Thursday, October 28, 2010

Halloween Is Still Coming


I am going to write about Halloween again for no good reason. If I have the energy to write something, then I might as well write something about something.


Halloween comes at a good time of year. Dead leaves lie in the street to rustle eerily in the breeze as we walk by. The sky at sunset looks spookier than it does in other months. (Or do I just think that it looks spookier because I am seeing it through the lens of the Halloween season?) Yet Halloween lacks any real monsters, because they do not exist. And I have to wonder, if Halloween monsters were real, how would they affect your Halloween?


If, on Halloween night, you were to walk outside and see a dude with a flaming pumpkin for a head standing there, would it make your Halloween better or worse?


Or, what would you do if you saw a mummy, with a kopesh, and other historically accurate ancient Egyptian accouterments, and he started to chase you, and you ran, and as you ran you could hear the creaking of his ancient joints behind you, coming closer and closer, as he relentlessly pursued a quest to enact vengeance on the world for disturbing his eternal rest?

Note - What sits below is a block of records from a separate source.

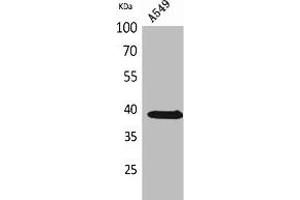 Western Blot analysis of A549 cells using NTCP Polyclonal Antibody.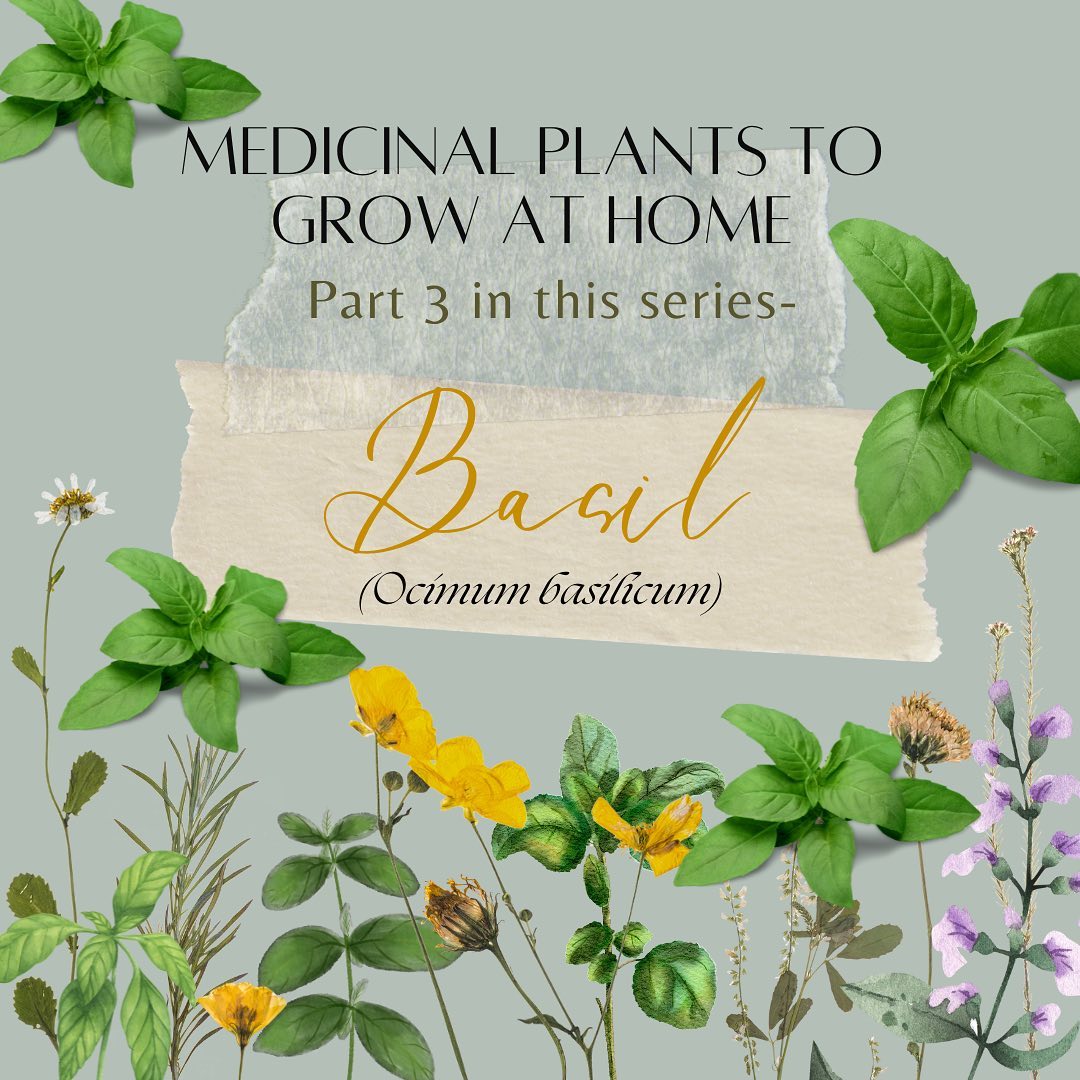 Medicinal Plants Grow at Home Series: Basil
Basil (Ocimum basilicum)
Basil is an annual herb of the mint family (Lamiaceae), known for its aromatic leaves that are used dried or fresh (fresh is always best) to flavor meats, fish, salads, sauces, and commonly used in pesto. It is an easy herbal medicine to grow in your house or garden with many therapeutic benefits, especially holy basil. Basil has many varieties such as sweet basil, Genovese, cinnamon basil, purple basil, lemon basil, and Thai basil to name a few. Basil is a fabulous alternative to flavoring your recipes instead of using salt or packaged sauces and dips that are filled with excess sugars, preservatives, colors and additives. It pairs well with broccoli, cabbage, carrots, potatoes, spinach, tomatoes, pumpkin, and winter squash.
Basil contains vitamin A (eye vitamin), vitamin K (heart health, bone health), iron (hormones, protein in red blood cells carries oxygen), manganese (blood clotting, enzyme co-factor, bone formation), and calcium (bones, hormones, brain, nervous system). Research has shown Basil contains two water-soluble flavonoids, orientin and vicenin, that protect cell structures and chromosomes from radiation & free-radical damage thus providing anti-cancer benefits as well as anti-bacterial, anti-inflammatory, and antioxidant capabilities (Pizzorno & Murray, 2014). Safety first, basil contains small amounts of oxalates. Those individuals with a history of oxalate containing kidney stones should avoid consuming large amounts.
Enjoy this dairy free pesto recipe using organic ingredients if possible:
Combine 1 cup of fresh basil, 2-3 cloves of garlic, 1-2 tbsp of pine nuts or walnuts, and 2-3 tbsp of olive oil in a food processor.
Blend to your likeness and enjoy with some fresh cut veggies, homemade bruschetta, or with whole grain pasta.
Be well!
#achsedu #foodisthymedicine #herbalmedicines #holistichealth #healthgoals #healing
#healtheducation #holisticnutrition
#holisticpractitioner #liveyourtruestself #inspiration
#mentalhealth #nanpofficial #resilience #wellness
#wellnesscoaching #eatwholefoods #selfcare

Or, for some true and crazy fear, how would you react to a horrid chimerical beast with the body of a bull and five heads, each head belonging to a different panelist from The View?


What I'm really trying to say is that I don't know what I'm trying to say. But I do think that Halloween might be better if its characteristic supernatural monsters were real. Candy sales would plummet because trick-or-treaters would stay inside for fear of being ripped apart by fleshing-eating goblins. But when we would hear the werewolves howling around our kitchen doors in tribute to the late Warren Zevon, it would be worth it.


Saturday, October 23, 2010

Halloween Is Coming

Halloween is fast approaching, and I have marked the occasion by using AppleWorks to draw a crude jack-o'-lantern. The mouth didn't work out right, but Appleworks wouldn't let me "undo" it. As a result, I can't tell if he is happy, worried, or nauseous.


Halloween is one of my favorite times of year. When I used to blog at Wandering Army I wrote several posts about Halloween. Maybe one day when I put those posts back online somewhere I can link to them.


Much as I enjoy Halloween in theory, it doesn't have any real impact on my life, other than as an occasion to sit around and think scary thoughts. I have not been invited to a Halloween party since 2001. And I can't say that I'm surprised. I am not the sort of person that one would want at a party, because I am naturally morose.


If I ever were to take part in Halloween festivities, I would have to get a costume, which would be problematic. Judging by the commercially available costumes that I've seen, it would be hard to find something that would be both scary and an expression of my personality—something along the lines of an evil rhynchocephalian with extremely high SAT scores.


(I will note here that many paleontologists and zoologists prefer to use the name Sphenodontia in place of Rhynchocephalia, because at one point Rhynchocephalia accumulated some fossil taxa that didn't actually belong there. I, however, support the use of Rhynchocephalia in the sense that it originally intended, as a classifier for the tuatara ((Sphenodon)), and thus also for the tuatara's legitimate fossil relatives. Also I will admit to being biased in favor of Rhynchocephalia because it sounds cool. Sphenodontia sounds cool as well, but the same basic word is in use elsewhere, in the genus name Sphenodon and the family name Sphenodontidae.)


And finally, if I can provide any real insight here, which is unlikely, it would be an idea as to one reason why Halloween is as hugely popular as it is. Halloween is not like other holidays. On Christmas, Thanksgiving, Memorial Day, Martin Luther King Day, and almost any other holiday, we are constantly being urged to suspend our unthinking enjoyment to contemplate the "real meaning" of the day. And we probably should contemplate the real meaning of those days. But Halloween has no real meaning. It's pure fun.



Monday, October 18, 2010

No Pictures


After two failed attempts to get my flickr pictures to show up on this blog, I was faced with the choice to either figure out how to resolve the problem, or give up on it, at least for the time being. I decided to give up, because I am too tired to try to work out this problem.


There are all kinds of things that I want to write and post on this blog, but working at a full-time job makes me too exhausted to do much blogging, or anything else. It makes me long for the days when I was in school, because I got a summer vacation. It even makes me long for the days when I was unemployed, because then at least I had the energy to do . . . something.